优雅几何问题

星奔川骛

在三角形 \( ABC \) 中，内切圆与 \( BC \) 相切于点 \( D \)。一个通过点 \( B \) 和 \( C \) 的圆与内切圆相切于点 \( P \)。构造一个平行四边形 \( BPCT \)，使得 \( T \) 和 \( P \) 位于直线 \( BC \) 的两侧。设 \( Q \) 是 \( P \) 的等角共轭点。证明：\( AD \parallel QT \)。

hbghlyj

相关：math.stackexchange.com/questions/3962904/
prase.cz/kalva/short/soln/sh02g7.html
anhngq.wordpress.com/wp-content/uploads/2010/ … tlist.pdf#page=20.17
ABC is an acute-angled triangle. The incircle touches BC at K. The altitude AD has midpoint M. The line KM meets the incircle again at N. Show that the circumcircle of BCN touches the incircle of ABC at N.

If $AB = AC$, then $D = K$ is the midpoint of $BC$ and the result is trivial (the figure is symmetrical about $AD$). So assume $AB$ and $AC$ are unequal. Let $X$ be the center of the circle $BNC$. Take $P$ to be the intersection of the line $KN$ and the perpendicular bisector of $BC$. Suppose that $P$ lies on the circle. Then
\[
\angle PNX = \angle NPX \, (XP = XN) = \angle NKI \, (IK \parallel XP) = \angle KNI \, (IN = IK) = \angle PNI \, (\text{same angle}),
\]
so $N, I, X$ are collinear. But if two circles meet at a point on the line of centers, then they must touch there. So it remains to show that $P$ lies on the circle.

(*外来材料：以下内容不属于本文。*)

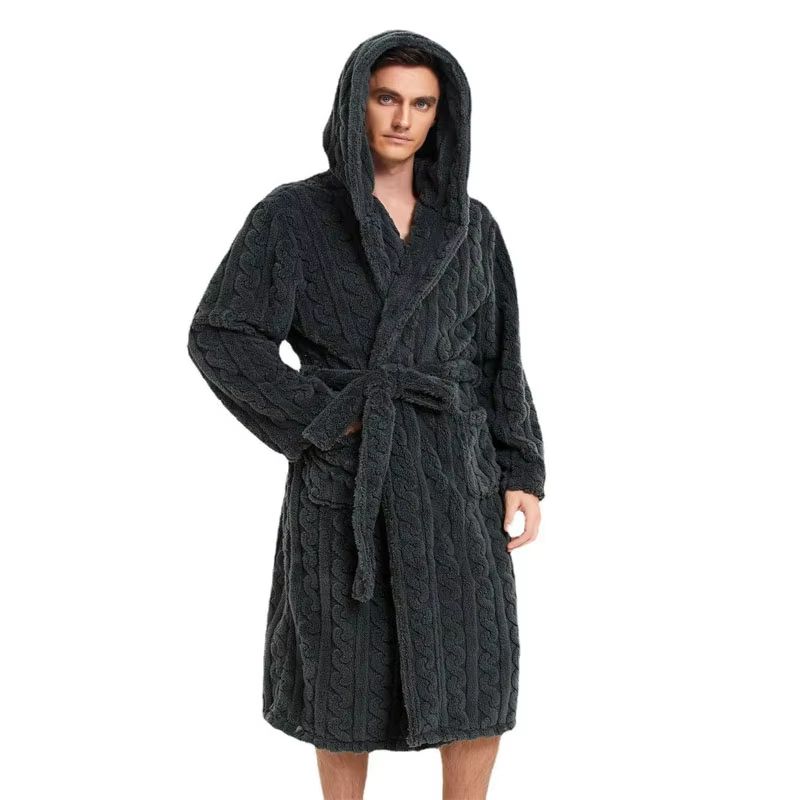 Men's Hooded Thickened Velvet Jacquard Warm Homewear Robe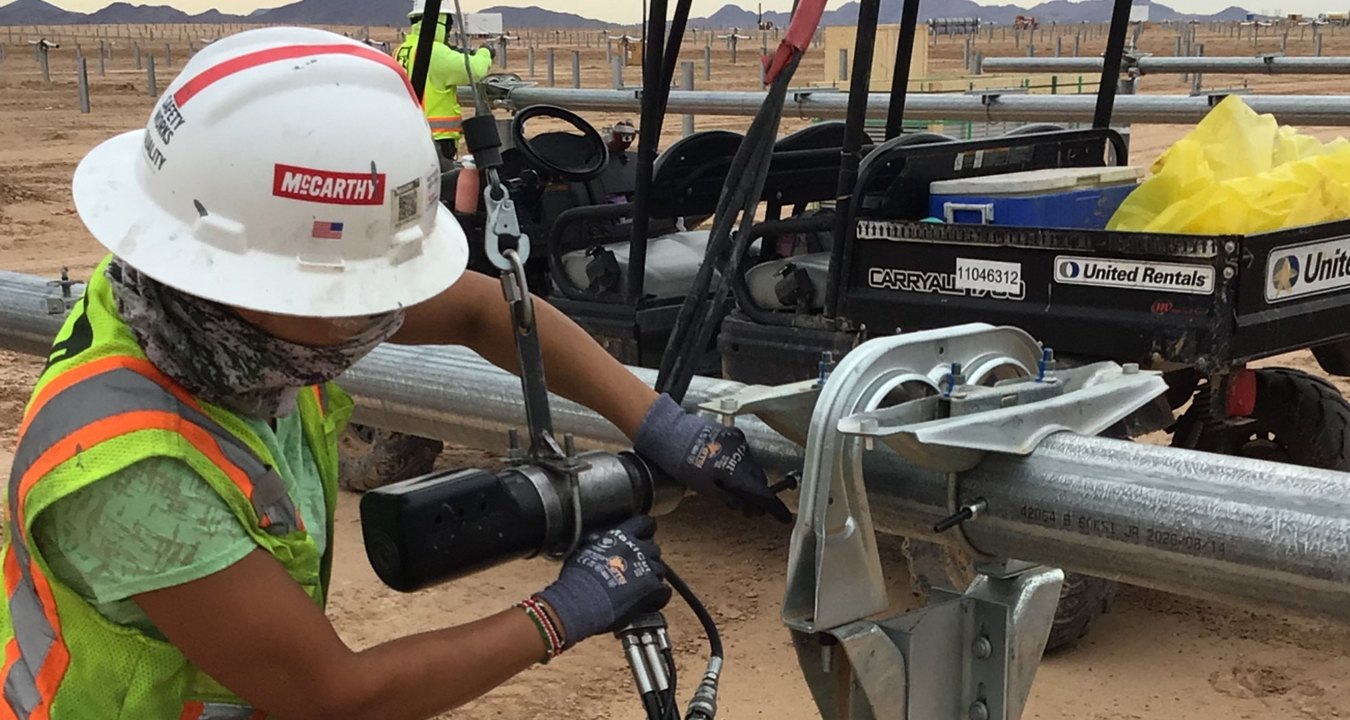 McCarthy construction worker at a solar farm jobsite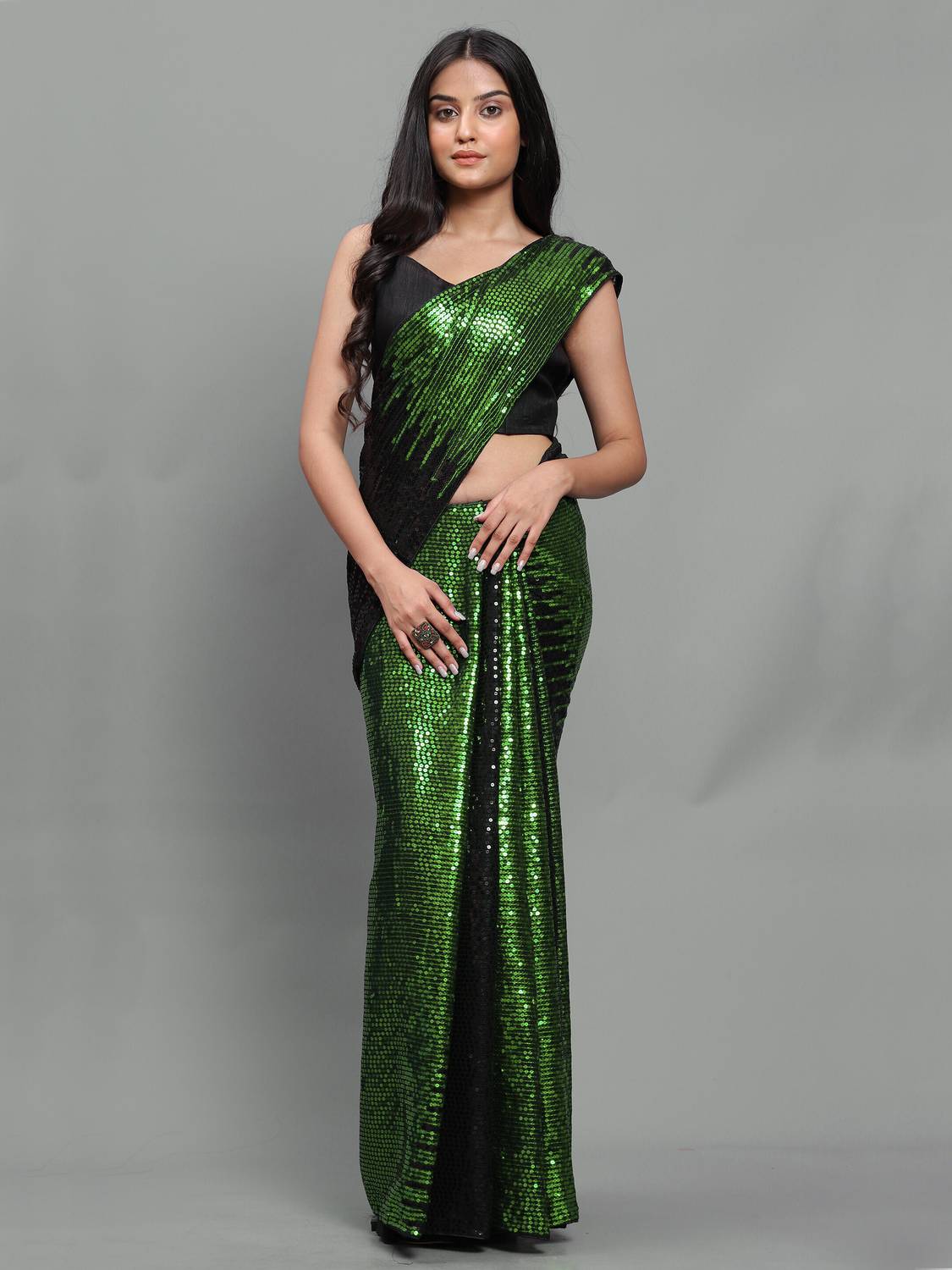 3Buddy Fashion Embroidered, Striped Bollywood Georgette Saree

Take $BC = a$, $CA = b$, $AB = c$, $s = \frac{a + b + c}{2}$ as usual. The usual argument shows that $BK = s - b$, $CK = s - c$. (If the incircle touches $AC$ at $K'$ and $AB$ at $K''$, then we have $BK = BK''$ (equal tangents) and $BK + KC = a$ etc., so we get three equations for three unknowns and can solve for $BK = s - b$, $CK = s - c$. Hence $BK \cdot KC = (s - b)(s - c)$. It is sufficient to show that $NK \cdot KP = (s - b)(s - c)$ also.

\[
BD = c \cos B = \frac{c^2 + a^2 - b^2}{2a}.
\]
Hence
\[
DK = BK - BD = (s - b) - \frac{c^2 + a^2 - b^2}{2a} = \frac{-ab + ac - c^2 + b^2}{2a} = \frac{(s - a)(b - c)}{a}.
\]
We have
\[
MD = \frac{AD}{2} = \frac{\text{area of } \triangle ABC}{a},
\]
so if $x = \angle MKD$, then
\[
\tan x = \frac{MD}{DK} = \frac{\text{area of } \triangle ABC}{(s - a)(b - c)}.
\]

But $NK = 2r \sin x$ (where $r$ is the inradius), and $KP = KY \sec x$, where $Y$ is the midpoint of $BC$. We have
\[
KY = BY - BK = \frac{a}{2} - (s - b) = \frac{b - c}{2}.
\]
Hence
\[
NK \cdot KP = r(b - c) \tan x.
\]
As usual, we have $\text{area of } \triangle ABC = rs$ (because $\text{area of } \triangle ABC = \text{area of } \triangle AIB + \text{area of } \triangle BIC + \text{area of } \triangle CIA$), so
\[
r = \frac{\text{area of } \triangle ABC}{s},
\]
and hence
\[
NK \cdot KP = \frac{(\text{area of } \triangle ABC)^2 (b - c)}{s(s - a)(b - c)} = (s - b)(s - c),
\]
since $(\text{area of } \triangle ABC)^2 = s(s - a)(s - b)(s - c)$ (Heron's formula).

hbghlyj

相关：artofproblemsolving.com/community/c2562h1674771_copy_of_2002_g7
The incircle $\Omega$ of the acute-angled triangle $ABC$ is tangent to its side $BC$ at a point $K$. Let $\overline{AD}$ be an altitude of triangle $ABC$, and let $M$ be the midpoint of the segment $AD$. If $N$ is the common point of the circle $\Omega$ and the line $KM$ (distinct from $K$), then prove that the incircle $\Omega$ and the circumcircle of triangle $BCN$ are tangent to each other at the point $N$.

Solution
Let $I_A$ be the $A$-excenter; by the “midpoint of altitudes” lemma, $\overline{NMKI_A}$ are collinear. In addition, let $L$ be the midpoint of $\overline{KI_A}$ and $P$ be the midpoint of $\overline{KN}$.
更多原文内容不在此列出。